Patrick Bouchain, dans la préface de l’ouvrage

Si l’ouvrage de Van Lengen témoigne d’une sincérité et d’une simplicité presque déconcertantes, sa véritable prouesse réside dans la retranscription graphique qui se veut ne pas faire l’apologie du beau mais bel et bien de l’intuitif et de l’universel, au nom de tous les futurs (auto-)constructeurs. En se servant du dessin, aussi simple soit-il, comme support privilégié, il traduit en une fraction de seconde les idées foisonnantes du manuel. Les milliers d'images qui l’étaye jouent un rôle efficace dans la transmission des subtilités de conception qu’aucune autre langue ne pourraient égaler.
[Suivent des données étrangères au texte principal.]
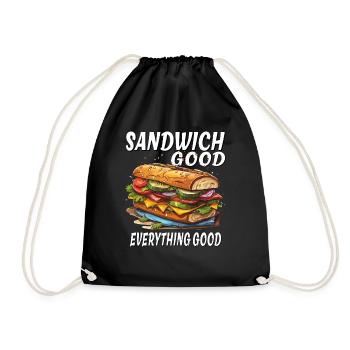 SANDWICH GOOD EVERYTHING GOOD - Drawstring Bag - black - Front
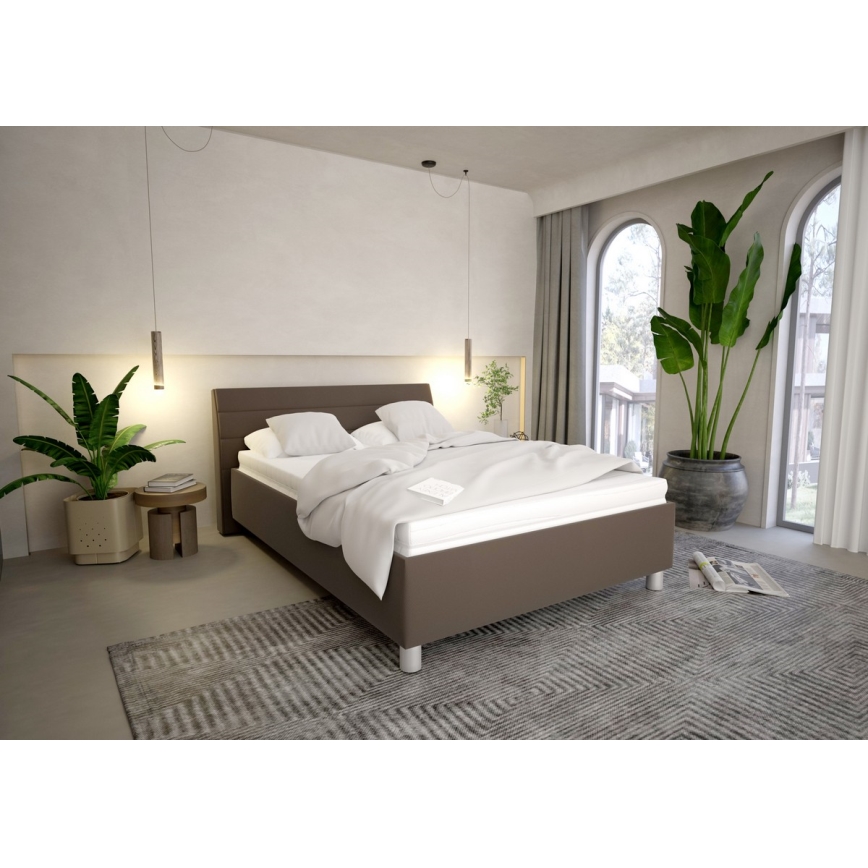 Letto imbottito con contenitore e materasso DALMA 140x200 cm grigio/marrone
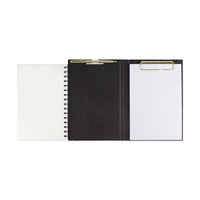 Carnet d'étude à spirale noir à motifs floraux avec presse-papiers, stylo doré et sangle élastique, idéal pour les étudiants, le bureau, la prise de notes et la planification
Bien plus qu’un simple livre sur l’auto-construction, cet ouvrage est une véritable encyclopédie manifeste du rapport sain à établir entre nos habitats et le monde qui nous accueille. Grâce à des solutions sobres, généreuses et contextualisées comme celles présentées dans cette mine d’or graphique, l’architecte de demain ne peut qu’avoir de nouveau les pieds sur terre.

Johan Van Lengen, L’architecte aux pieds nus. Manuel d’autoconstruction, Traduit du portugais par Lucia Leistner, Préface de Patrick Bouchain, « Habitat / Ressources », Parenthèses, 2021, 480 pages, 1150 illustrations, 29 euros.